Copy every record below exactly as it appears.

● Provided records
-- Opening Marker --

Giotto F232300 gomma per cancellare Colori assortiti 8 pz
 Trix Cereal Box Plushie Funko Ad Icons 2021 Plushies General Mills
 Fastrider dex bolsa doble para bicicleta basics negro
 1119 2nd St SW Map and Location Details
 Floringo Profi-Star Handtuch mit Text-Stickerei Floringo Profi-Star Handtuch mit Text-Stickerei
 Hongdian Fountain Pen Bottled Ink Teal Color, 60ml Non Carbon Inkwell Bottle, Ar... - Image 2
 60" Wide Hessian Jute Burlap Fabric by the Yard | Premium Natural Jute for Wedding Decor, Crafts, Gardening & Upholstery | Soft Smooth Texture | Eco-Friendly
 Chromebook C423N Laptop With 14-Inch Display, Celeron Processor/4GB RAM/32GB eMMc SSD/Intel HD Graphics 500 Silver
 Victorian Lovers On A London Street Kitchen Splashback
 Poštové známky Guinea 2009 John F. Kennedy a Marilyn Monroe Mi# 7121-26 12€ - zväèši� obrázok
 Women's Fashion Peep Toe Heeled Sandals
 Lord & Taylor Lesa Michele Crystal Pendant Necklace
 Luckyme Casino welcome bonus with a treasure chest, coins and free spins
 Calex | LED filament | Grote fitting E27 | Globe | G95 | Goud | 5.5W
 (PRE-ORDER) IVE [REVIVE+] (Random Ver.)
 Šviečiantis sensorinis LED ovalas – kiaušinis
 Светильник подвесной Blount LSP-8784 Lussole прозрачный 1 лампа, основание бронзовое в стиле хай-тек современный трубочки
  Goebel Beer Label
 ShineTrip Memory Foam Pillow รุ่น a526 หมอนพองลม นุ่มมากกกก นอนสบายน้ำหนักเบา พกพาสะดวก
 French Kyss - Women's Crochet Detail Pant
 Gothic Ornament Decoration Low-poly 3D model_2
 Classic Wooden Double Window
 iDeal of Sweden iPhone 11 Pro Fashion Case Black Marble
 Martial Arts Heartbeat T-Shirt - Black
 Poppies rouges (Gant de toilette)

-- Closing Marker --

● Your solution
Giotto F232300 gomma per cancellare Colori assortiti 8 pz
 Trix Cereal Box Plushie Funko Ad Icons 2021 Plushies General Mills
 Fastrider dex bolsa doble para bicicleta basics negro
 1119 2nd St SW Map and Location Details
 Floringo Profi-Star Handtuch mit Text-Stickerei Floringo Profi-Star Handtuch mit Text-Stickerei
 Hongdian Fountain Pen Bottled Ink Teal Color, 60ml Non Carbon Inkwell Bottle, Ar... - Image 2
 60" Wide Hessian Jute Burlap Fabric by the Yard | Premium Natural Jute for Wedding Decor, Crafts, Gardening & Upholstery | Soft Smooth Texture | Eco-Friendly
 Chromebook C423N Laptop With 14-Inch Display, Celeron Processor/4GB RAM/32GB eMMc SSD/Intel HD Graphics 500 Silver
 Victorian Lovers On A London Street Kitchen Splashback
 Poštové známky Guinea 2009 John F. Kennedy a Marilyn Monroe Mi# 7121-26 12€ - zväèši� obrázok
 Women's Fashion Peep Toe Heeled Sandals
 Lord & Taylor Lesa Michele Crystal Pendant Necklace
 Luckyme Casino welcome bonus with a treasure chest, coins and free spins
 Calex | LED filament | Grote fitting E27 | Globe | G95 | Goud | 5.5W
 (PRE-ORDER) IVE [REVIVE+] (Random Ver.)
 Šviečiantis sensorinis LED ovalas – kiaušinis
 Светильник подвесной Blount LSP-8784 Lussole прозрачный 1 лампа, основание бронзовое в стиле хай-тек современный трубочки
  Goebel Beer Label
 ShineTrip Memory Foam Pillow รุ่น a526 หมอนพองลม นุ่มมากกกก นอนสบายน้ำหนักเบา พกพาสะดวก
 French Kyss - Women's Crochet Detail Pant
 Gothic Ornament Decoration Low-poly 3D model_2
 Classic Wooden Double Window
 iDeal of Sweden iPhone 11 Pro Fashion Case Black Marble
 Martial Arts Heartbeat T-Shirt - Black
 Poppies rouges (Gant de toilette)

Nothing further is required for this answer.